Life probably sucks if you own real estate. I don’t even want to look up the statistics as to what percent of homeowner’s are underwater, owing more than what their home is worth. Right now, if you have the ability to purchase real estate, there are incredible values out there, both in real dollars, and relative values when compared to household income.
Has the market hit bottom? I sure hope so; but I’ve thought that before. I’ve had clients make the difficult decisions of bailing on their homes when they realized that making future mortgage payments on the home would simply be throwing good money after bad.
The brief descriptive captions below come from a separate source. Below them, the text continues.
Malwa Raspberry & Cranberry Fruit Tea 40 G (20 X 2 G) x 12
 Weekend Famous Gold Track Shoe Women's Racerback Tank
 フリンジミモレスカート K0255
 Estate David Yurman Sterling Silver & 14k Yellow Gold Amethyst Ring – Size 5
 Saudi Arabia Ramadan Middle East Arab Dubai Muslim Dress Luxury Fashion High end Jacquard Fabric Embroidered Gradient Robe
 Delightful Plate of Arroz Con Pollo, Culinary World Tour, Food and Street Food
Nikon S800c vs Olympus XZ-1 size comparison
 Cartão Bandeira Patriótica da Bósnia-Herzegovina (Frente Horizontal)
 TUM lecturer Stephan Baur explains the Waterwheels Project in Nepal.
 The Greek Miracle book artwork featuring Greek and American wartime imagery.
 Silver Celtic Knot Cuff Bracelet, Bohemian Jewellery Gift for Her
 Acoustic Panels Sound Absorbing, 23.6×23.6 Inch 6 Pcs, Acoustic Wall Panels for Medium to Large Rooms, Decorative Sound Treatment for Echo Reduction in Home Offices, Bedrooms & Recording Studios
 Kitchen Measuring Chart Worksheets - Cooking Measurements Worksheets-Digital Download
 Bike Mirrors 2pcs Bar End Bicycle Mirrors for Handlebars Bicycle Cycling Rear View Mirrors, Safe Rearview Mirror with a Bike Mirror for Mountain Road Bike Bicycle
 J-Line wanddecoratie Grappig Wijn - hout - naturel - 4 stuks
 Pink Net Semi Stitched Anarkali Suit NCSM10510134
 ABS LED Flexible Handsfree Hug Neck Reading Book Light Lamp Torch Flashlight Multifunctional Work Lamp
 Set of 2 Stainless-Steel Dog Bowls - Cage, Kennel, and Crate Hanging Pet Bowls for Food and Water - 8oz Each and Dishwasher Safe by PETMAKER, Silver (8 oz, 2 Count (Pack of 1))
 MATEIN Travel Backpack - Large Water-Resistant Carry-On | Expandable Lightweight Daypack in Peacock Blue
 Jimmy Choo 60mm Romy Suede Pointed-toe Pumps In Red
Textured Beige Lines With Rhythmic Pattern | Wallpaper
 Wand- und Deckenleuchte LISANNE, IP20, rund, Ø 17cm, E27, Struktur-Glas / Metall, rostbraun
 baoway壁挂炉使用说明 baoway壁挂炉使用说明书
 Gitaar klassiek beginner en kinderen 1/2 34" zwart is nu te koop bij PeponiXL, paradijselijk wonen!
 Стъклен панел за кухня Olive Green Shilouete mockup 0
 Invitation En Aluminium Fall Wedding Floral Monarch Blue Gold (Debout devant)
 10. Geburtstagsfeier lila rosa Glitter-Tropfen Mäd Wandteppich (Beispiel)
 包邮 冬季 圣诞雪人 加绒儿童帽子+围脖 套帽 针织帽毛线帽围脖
As difficult as it was, there are people that have, after walking away from their homes, turned around and bought similar homes, in similar neighborhoods, for a fraction of what they owned on their original home. The astute client’s ears perk up when I use the term exit strategy when discussing their current mortgage situation.
Is it worth throwing good dollars after bad? More than one client has realized that they will never dig themselves out of their negative equity hole.
What’s a good exit strategy for you? I can’t answer that. My advice is simply to be aware of your alternatives, and cognizant of where your choices today will leave you 5 or 10 years from now.
Now, let’s take a look at my analysis of some relative values.
Of course, it’s pretty obvious that actual dollar values are depressed. However, digging deeper into the analysis shows you that the relative values are at historic lows. I’m not a financial analyst, but I’m guessing a stock market guru, if presented with this type of under-valued stock, would grab it in a heartbeat!